Alteryx version 10 was recently released, with all sorts of juicy new features in realms such as usability, data manipulation and statistical modelling. Perhaps one of the most interesting ones for me though is the new Network Analysis tool.
This provides an easy way to make network graph visualisations natively, something that many general purpose analytical tools don’t do (or require workarounds). Behind the scenes, it uses R, but, as per the other Alteryx R tools, you don’t need to worry about that.
Until now, I had used the Gephi for such work; it’s a great free open-source program which is tremendously capable at this style of analysis, but not always particularly friendly or easy to use, and requires data to be exported into it.
In a previous post I wrote about the basics of getting data into Gephi and visualising it. The very simple example I gave there is easily replicable in Alteryx. Here’s how:
First create your tables of nodes (the dots) and edges (the lines between the dots).
The documentation states that your nodes must have a unique identifier with the fieldname of “_name_” and the edges must have fields “from” and “to”. Actually in practice I found it often works fine even without using those specific field names, but it is to rename columns in Alteryx (use the Select tool for instance) so one might as well follow the instructions where possible.
So for a basic example, here’s our table of nodes:
Pop a “Network Analysis” tool onto the canvas. It’s in the Predictive section of the Alteryx toolbar. Then hook up your nodes file to the N input and edges file to the E input.
There’s some configuration options on the Network Analysis tool I’ll mention briefly shortly, but for now, that’s it, job done! Press the run button and enjoy the results.
The D output of the tool gives you a data table, 1 row per node, showing various graph-related statistics per node: betweenness, degree, closeness, pagerank and evcent. You can then directly use these statistics later on in your workflow.
The I output gives you a interactive graphical representation of your network with cool features like ability to search for a given node, tooltips upon hover, click to drag/highlight nodes, some summary stats and a histogram of various graph statistics that describe the characteristics of your network like this:
Although for most tools the “auto-browse” function of Alteryx 10 negates the need for a Browse tool, you will need one connected to the I output if you want to see the graphic representation of your network.
There are some useful configuration options in the Network Visualisation tool itself in 3 categories; nodes, edges and layout.
Perhaps the 3 most interesting ones are:
- ability to size nodes either based on their network statistics or another variable,
- ability to have directed (A connects to B, B might not connect to A) or undirected (A connects to B implies B connects to A) edges.
- ability to group nodes by either network statistics or another variable (e.g. to differentiate between Facebook friends and Facebook groups).
Here for example is the above diagram where the nodes are sized by degree (# connections), coloured by my variable “Category” and the edges are set to directed.
Sidenote 1: There seems to be a trick to getting the group-by-variable to work though, which I’m not sure is intentional(?). I found that the tool would only recognise my grouping variables if they were specifically of type “String”.

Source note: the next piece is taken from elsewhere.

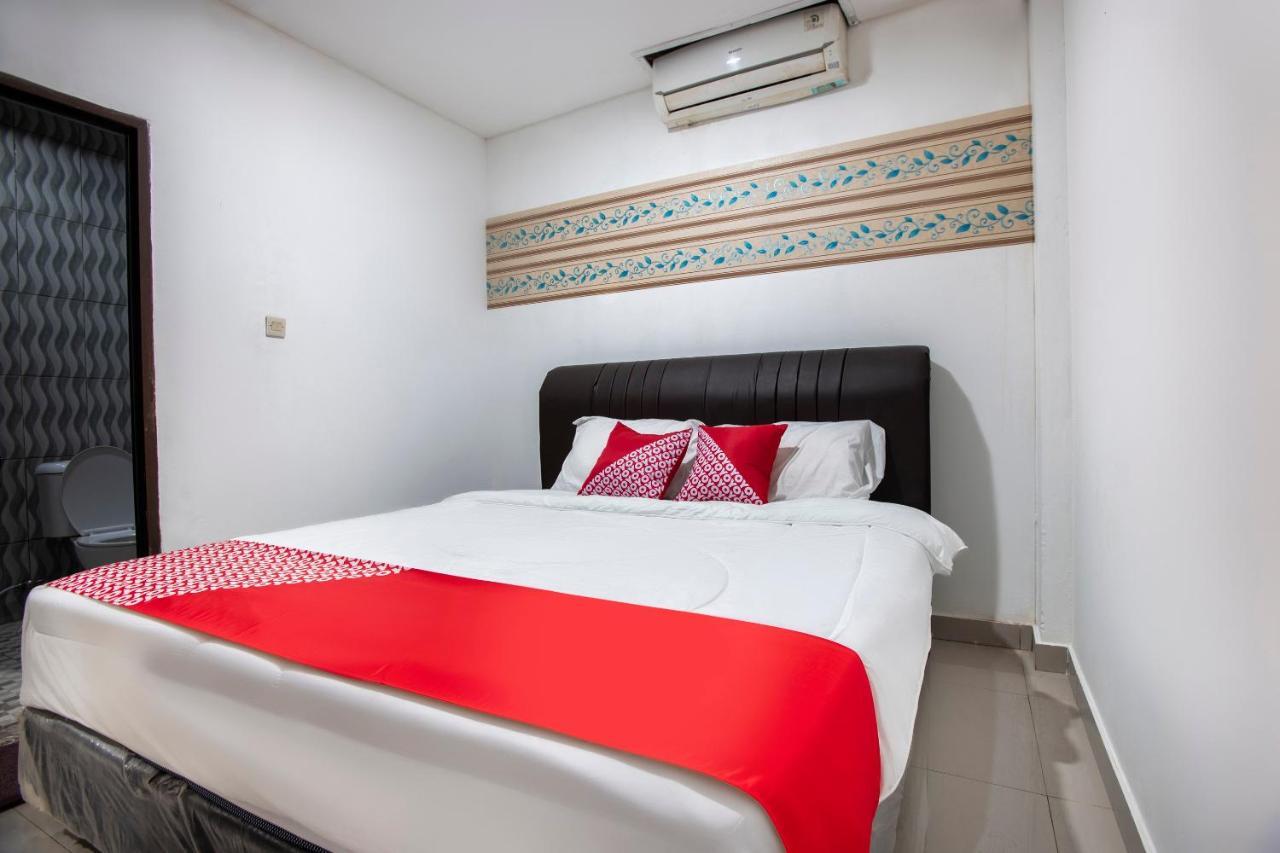 Oyo 2971 W&w Executive Hotel Bekasi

Alteryx text from an input file usually defaults to type “V_string” but the Network Viz tool would not let me select my “Category” field to group nodes by if I left it at that. However it’s very easy to convert from V_string to String by use of a Select tool
Sidenote 2: For people like me who are locked down to an old version of Internet Explorer (!) – the happy news is that the Alteryx network viz works even in that situation. In previous versions of Alteryx I found that the “interactive” visualisations tended to fail if one had an old version of IE installed.
Overall, the tool seems to work well, and is as quick and easy to use as users of Alteryx have probably come to expect. It even, dare I say it, has an element of fun to it.

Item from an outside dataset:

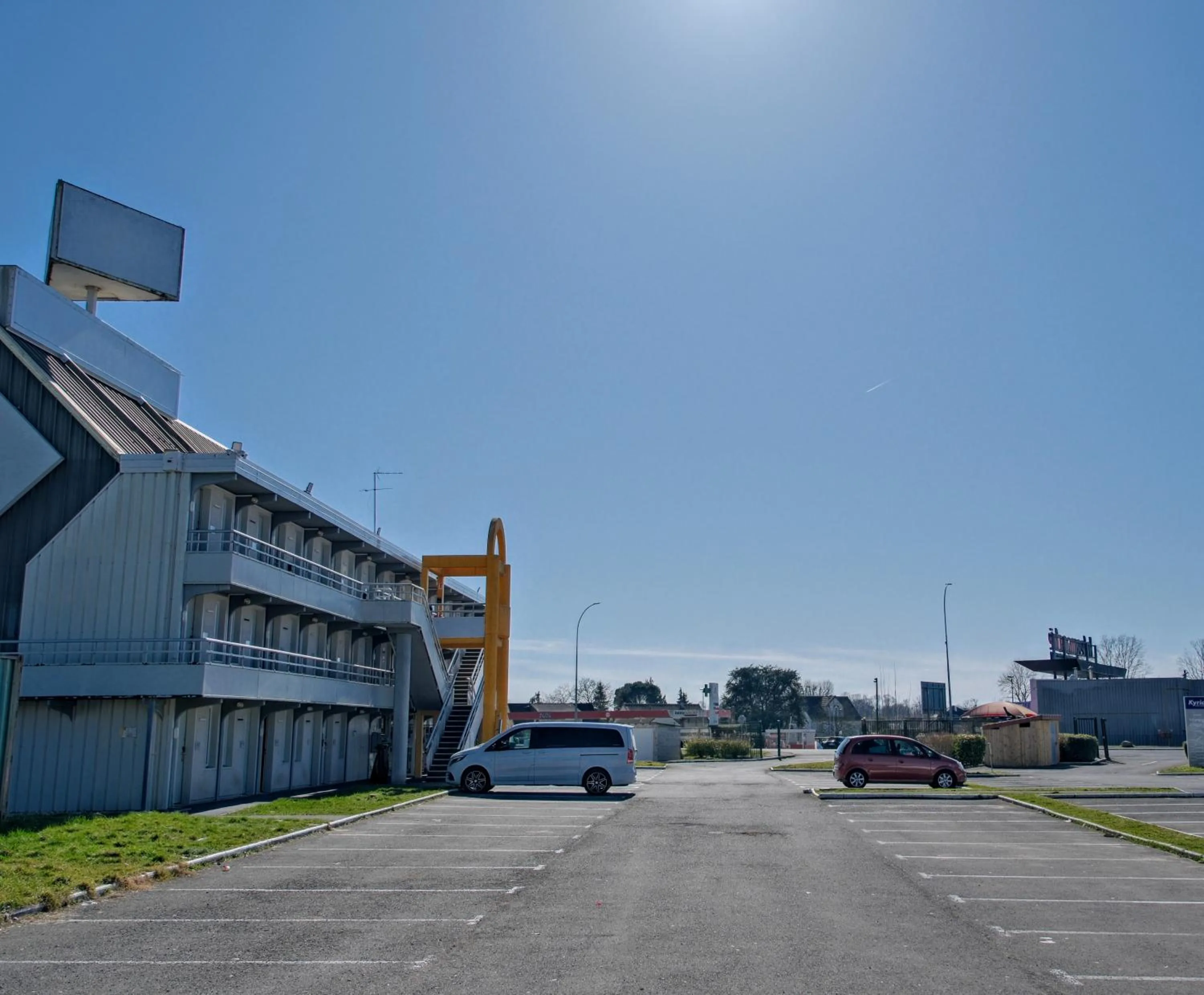 Property building in Classic Hôtel - Fontenay-Trésigny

It’s not going to rival – and probably never will try to – the flexibility of Gephi for those hand-crafting large complex networks with a need for in-depth customisation options and output. Stick with that if you need the more advanced features (or if you can’t afford to buy Alteryx!).
But for many people, I believe it contains enough features even in this first version to do the basics of what most analysts probably want a network viz for, and will save you hours in comparison vs finding and learning another package.
At least for relatively small numbers of nodes anyway; on my first try I found it hard to gain much insight from the display of a larger network as the viewing area was quite small – but some of this is innate to the nature of the visualisation type itself. I have also not yet experimented very much with the different layout options available, some of which might dramatically improve things if they have similar impact to the Gephi layout options. Picking the optimum location to display each node is a distinctly non-trivial task for software to do!
Remember also that as the “D” output gives a data table of network stats per node, one could always use that output to pre-filter another incarnation of the network viz tool and show only the most “interesting” nodes if that was more useful.
In general this new Alteryx tool is so easy to use and gives such quick results that I hope to see it promote effective use of such diagrams in real-world situations where they can be useful. At the very least, I’m sure it’ll convince a few new “data artisans” to give network analysis a try.